Sunday, 16 December 2007

Stenciling 101

EDIT: I have noticed a lot of people coming to this page from google, perhaps hoping for genuine advice on stencilling. If this is you, do not read any further!

I have an olive-green ex-German army shirt. It only cost a fiver and has natty schwarz-rot-geil! epaulettes, but it could do with jazzing up. What easier way, I thought, than adding a Rammstein logo onto one of the breast pockets? That's assuming Das Management, Pilgrim GmbH, don't sue the (army) shirt off my back for copyright infringement (ps logo on the right used without permission, but if Emu sends me a solicitor's letter I am totally and utterly prepared to back down immediately and take myself off-line indefinitely).

So I bought some black fabric paint, gave my shirt a good wash, and set about creating a stencil (in fact, the one above).

First thought; print it out on paper and cut out the spaces between the lines with a craft knife.
But the 80g paper in our printer proved too absorbent for the fabric paint, and a splodgy mess looked the likely result.

Okay, so try gluing the printed paper to cardboard and then cutting out the areas between the lines.
But cutting through the thickness of the cardboard was quite hard work and resulted in untidy edges.
I gave up long before tackling all those lines.

Therefore, how about painting the design on free-hand? Well, it looks a simple design, but you've got to get the measurements right to preserve the cross symmetry, and I wasn't sure my (shaky) hand/eye co-ordination was up to it. So, here's an idea that has been used by people transferring designs onto parchment and cloth since the time of the Book of Kells;
prick through the design, printed on paper, at key points;
paint over the design onto the shirt, letting the dye go through the pin-holes; then with a paint-brush just join the dots by hand.

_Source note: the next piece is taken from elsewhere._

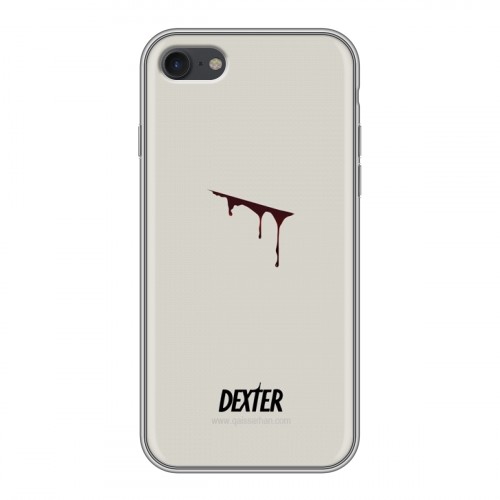 Дизайнерский силиконовый чехол для Iphone 7 Декстер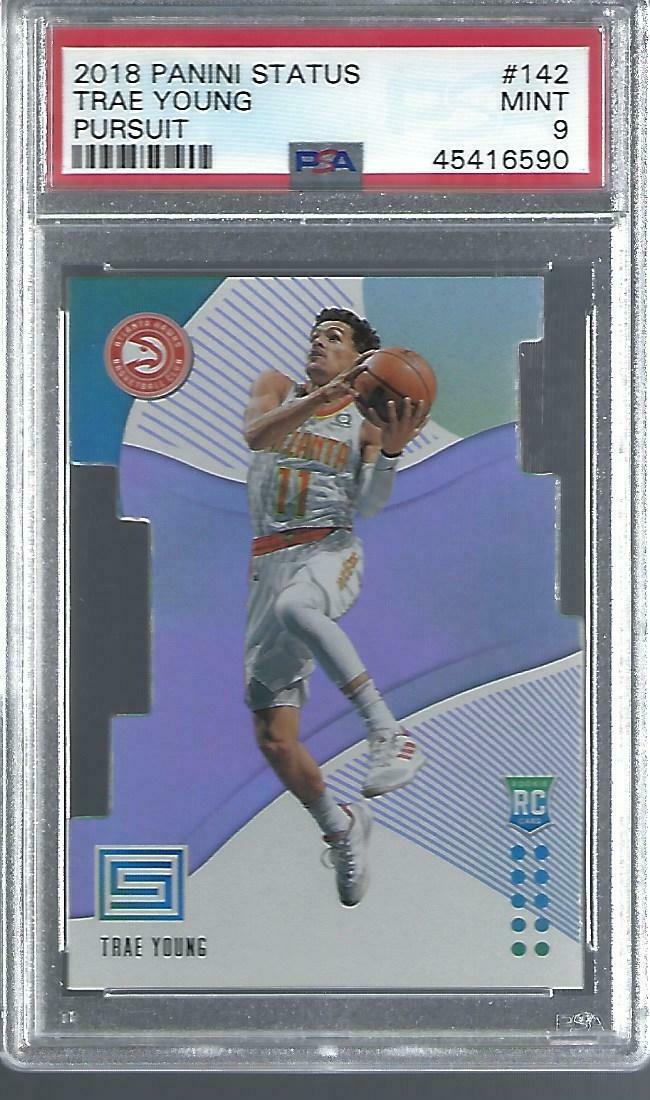 Trae Young [Pursuit Die Cut] #142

Well, it nearly worked. The weft of the cloth dragged the paint on the brush, and the cotton absorbed it unevenly. But - and I think that this is at least partial justification for a couple of hours craft-work - if you see the result from a distance of over ten metres, in poor light, you'd be hard-pressed to tell the difference from official Rammstein merchandise. If you weren't wearing your glasses.

And the moral of the story is, save your self a lot of effort and just buy a patch from the Rammstein on-line store.

At least then you can sleep at night without being fearful of Rammstein's lawyers shutting down your shirt.

I wonder though if potato-prints would work?

p.s. Great respect goes out to the graffiti artist Banksy. I can't even do a simple R+ logo stencil in the comfort of my own living room, and you've brought stencil art and satire to the streets of the world whilst forever looking over your shoulder for the rozzers. Du bist der Hammer!
Link to Banksy's website.

1 comment:

  1. The way I havde sone some stencils is to just get some inexpensive plastic file folders. You know the type that holds some papers and is open on two sides. Just the very basic one. They are very good because you can print out your stencil, put it in the folder and then use a sharp knife to cut along the lines. If you press hard enough you will cut trough both the top plastic, the paper and the bottom plastic so you know have two stencils. Or you could just cut up the folder and tape your paper to the back side of one of the sheets.